Hum… O livro tem 60 páginas e contém 10 contos. Obviamente, estamos na presença dum autor que usa um estilo bem lacónico. As histórias são esquisitas, escuras, perturbantes – mais parecidas com os contos de Franz Kafka do que uma BD tradicional. Na verdade, apenas dois contos têm a marca duma BD: balões de texto. Os outros são, antes, pequenos trechos de ficção, alguns pouco maiores do que um tweet, ilustrados com desenhos escuros ou arrepiantes. Fico contente por ter lido mas não tenho a certeza se apreciei. Vou colocá-lo numa prateleira longe da minha cama para não ter pesadelos.

But here’s what I came up with in 2023, with more fluency of reading (not having to hit the dictionary every 30 seconds)

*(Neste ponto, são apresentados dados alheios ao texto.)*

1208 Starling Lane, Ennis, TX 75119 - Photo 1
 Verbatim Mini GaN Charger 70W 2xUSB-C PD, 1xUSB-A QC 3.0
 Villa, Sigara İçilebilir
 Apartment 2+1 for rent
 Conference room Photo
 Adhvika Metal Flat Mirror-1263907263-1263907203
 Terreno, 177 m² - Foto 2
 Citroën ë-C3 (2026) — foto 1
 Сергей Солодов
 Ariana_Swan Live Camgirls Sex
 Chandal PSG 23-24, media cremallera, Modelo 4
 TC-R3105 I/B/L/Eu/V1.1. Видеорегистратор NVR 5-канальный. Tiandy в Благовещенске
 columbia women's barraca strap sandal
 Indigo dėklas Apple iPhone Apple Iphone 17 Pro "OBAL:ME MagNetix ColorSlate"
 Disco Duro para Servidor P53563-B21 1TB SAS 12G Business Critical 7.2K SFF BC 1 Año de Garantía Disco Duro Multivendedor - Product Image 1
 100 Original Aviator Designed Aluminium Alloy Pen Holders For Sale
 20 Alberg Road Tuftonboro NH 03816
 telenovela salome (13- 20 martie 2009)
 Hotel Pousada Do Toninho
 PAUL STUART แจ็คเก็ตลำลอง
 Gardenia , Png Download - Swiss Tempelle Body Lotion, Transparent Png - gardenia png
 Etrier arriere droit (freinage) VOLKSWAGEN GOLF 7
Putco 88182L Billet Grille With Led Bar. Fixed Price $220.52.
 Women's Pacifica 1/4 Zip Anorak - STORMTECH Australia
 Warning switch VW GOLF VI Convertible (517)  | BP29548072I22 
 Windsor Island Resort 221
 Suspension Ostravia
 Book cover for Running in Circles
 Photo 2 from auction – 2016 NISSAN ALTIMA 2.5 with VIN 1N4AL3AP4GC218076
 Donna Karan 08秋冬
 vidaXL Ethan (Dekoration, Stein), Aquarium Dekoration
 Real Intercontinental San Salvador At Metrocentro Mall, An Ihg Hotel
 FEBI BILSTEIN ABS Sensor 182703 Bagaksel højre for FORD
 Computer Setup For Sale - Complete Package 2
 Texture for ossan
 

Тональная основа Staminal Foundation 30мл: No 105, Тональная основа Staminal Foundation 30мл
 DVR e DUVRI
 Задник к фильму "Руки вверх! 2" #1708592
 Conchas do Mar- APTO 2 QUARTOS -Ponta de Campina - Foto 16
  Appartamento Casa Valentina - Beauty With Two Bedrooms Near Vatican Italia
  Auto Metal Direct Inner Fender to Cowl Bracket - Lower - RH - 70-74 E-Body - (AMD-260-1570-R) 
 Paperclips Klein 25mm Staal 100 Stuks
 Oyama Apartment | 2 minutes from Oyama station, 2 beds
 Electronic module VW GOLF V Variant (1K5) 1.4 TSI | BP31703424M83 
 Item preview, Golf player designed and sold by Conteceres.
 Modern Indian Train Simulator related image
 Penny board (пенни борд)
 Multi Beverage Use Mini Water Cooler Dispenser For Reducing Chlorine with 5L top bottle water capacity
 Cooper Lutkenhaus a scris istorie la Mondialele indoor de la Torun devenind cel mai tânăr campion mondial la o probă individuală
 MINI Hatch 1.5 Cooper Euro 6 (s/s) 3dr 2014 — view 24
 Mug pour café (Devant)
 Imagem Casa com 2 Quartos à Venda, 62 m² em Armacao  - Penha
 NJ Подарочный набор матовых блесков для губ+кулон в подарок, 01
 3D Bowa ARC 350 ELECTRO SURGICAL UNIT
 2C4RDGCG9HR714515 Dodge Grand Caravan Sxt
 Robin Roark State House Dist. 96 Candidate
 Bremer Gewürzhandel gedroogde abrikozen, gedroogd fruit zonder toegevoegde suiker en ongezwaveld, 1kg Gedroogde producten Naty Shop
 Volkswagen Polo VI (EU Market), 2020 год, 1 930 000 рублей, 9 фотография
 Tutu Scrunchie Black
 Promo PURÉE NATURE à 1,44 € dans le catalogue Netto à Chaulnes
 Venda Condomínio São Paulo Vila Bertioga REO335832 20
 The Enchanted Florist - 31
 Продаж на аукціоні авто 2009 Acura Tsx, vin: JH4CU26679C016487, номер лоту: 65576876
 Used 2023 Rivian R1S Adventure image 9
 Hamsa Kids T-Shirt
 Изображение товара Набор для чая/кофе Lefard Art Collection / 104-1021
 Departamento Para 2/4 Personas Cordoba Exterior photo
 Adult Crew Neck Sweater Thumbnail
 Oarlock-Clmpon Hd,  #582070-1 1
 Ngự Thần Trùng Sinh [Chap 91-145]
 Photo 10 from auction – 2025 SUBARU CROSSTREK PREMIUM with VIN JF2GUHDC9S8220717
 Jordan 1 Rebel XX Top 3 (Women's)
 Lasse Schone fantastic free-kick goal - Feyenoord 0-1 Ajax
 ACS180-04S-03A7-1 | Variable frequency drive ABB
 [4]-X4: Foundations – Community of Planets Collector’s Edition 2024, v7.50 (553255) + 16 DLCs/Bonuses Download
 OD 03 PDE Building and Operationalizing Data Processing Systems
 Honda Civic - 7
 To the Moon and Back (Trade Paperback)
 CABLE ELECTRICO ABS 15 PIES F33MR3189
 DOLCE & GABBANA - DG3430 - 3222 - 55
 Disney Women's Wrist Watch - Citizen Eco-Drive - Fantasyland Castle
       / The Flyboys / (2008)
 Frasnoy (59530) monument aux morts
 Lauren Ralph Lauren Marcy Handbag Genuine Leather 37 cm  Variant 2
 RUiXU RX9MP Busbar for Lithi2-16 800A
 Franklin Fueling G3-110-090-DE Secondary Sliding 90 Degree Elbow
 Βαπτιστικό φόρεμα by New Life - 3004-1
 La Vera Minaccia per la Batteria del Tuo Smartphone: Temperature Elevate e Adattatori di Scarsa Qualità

Ah ah, a opinião do eu de há 5 anos não está assim tão longe da verdade, apesar do seu fraco domínio do idioma, mas aquele rapaz com 48 anos não tinha noção da paixão que fundamenta a maior parte do livro. No primeiro conto, o narrador tem um amor escondido. Está esboçado na forma dum monstro ou um demónio que brama fora do apartamento da amada. Noutros, encontramos outras formas de amor: amor de filhos pelos seus pais, netos pelos avós, e de uma barata gigante pelo dono da casa onde vive. Coisas quotidianas, estás a ver? Cada história tem o seu próprio estilo artístico, mas há uma sensação arrepiante que se difunde pelo livro todo. Trata-se de um amor assombrado por uma angústia existencial.

Once again I’m indebted to Cristina of “Say it in Portuguese” for correcting the errors in the original draft.